### What needs to be done
Copy nothing from the entries below except the lines from the one containing "Bag female litchi" through the one containing "VEVOR folding walker", and copy those exactly.

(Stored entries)
╔══

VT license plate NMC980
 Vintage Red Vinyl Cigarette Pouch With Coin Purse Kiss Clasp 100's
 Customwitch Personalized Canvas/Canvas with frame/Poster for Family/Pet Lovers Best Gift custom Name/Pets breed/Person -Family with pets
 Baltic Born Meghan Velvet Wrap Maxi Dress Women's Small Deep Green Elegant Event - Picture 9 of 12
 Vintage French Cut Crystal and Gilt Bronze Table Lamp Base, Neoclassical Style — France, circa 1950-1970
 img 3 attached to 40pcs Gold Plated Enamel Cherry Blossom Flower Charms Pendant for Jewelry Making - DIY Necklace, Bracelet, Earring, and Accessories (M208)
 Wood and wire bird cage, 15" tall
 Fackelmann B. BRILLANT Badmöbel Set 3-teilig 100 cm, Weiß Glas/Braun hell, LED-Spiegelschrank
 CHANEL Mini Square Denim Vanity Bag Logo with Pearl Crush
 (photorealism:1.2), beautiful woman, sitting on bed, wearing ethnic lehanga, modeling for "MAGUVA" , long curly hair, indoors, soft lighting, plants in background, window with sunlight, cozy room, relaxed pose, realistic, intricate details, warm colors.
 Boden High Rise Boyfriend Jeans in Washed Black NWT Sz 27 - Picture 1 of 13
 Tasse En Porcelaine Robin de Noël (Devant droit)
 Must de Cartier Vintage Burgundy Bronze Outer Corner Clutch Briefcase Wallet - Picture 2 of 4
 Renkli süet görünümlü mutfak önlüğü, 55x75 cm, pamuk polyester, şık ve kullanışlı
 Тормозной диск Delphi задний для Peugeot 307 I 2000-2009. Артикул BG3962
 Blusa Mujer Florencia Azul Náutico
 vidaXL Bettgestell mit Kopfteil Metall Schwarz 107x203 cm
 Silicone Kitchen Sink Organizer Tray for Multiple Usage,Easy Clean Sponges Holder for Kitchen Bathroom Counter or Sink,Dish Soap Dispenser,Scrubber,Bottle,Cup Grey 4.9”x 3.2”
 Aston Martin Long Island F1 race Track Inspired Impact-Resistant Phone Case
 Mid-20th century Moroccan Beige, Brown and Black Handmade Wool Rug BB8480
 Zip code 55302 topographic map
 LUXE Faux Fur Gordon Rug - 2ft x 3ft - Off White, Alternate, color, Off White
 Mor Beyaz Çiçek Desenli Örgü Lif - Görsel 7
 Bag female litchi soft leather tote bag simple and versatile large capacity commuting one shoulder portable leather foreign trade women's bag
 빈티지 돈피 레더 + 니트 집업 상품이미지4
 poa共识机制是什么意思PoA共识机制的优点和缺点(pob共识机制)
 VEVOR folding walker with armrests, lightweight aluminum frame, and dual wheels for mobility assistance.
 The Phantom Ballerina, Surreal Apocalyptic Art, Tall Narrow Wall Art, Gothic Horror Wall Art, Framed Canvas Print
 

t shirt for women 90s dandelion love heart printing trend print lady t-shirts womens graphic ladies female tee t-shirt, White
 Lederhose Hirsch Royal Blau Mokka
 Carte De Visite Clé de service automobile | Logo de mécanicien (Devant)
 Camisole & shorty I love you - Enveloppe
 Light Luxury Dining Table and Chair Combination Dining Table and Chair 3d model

╚══

### Result of the task
 Bag female litchi soft leather tote bag simple and versatile large capacity commuting one shoulder portable leather foreign trade women's bag
 빈티지 돈피 레더 + 니트 집업 상품이미지4
 poa共识机制是什么意思PoA共识机制的优点和缺点(pob共识机制)
 VEVOR folding walker with armrests, lightweight aluminum frame, and dual wheels for mobility assistance.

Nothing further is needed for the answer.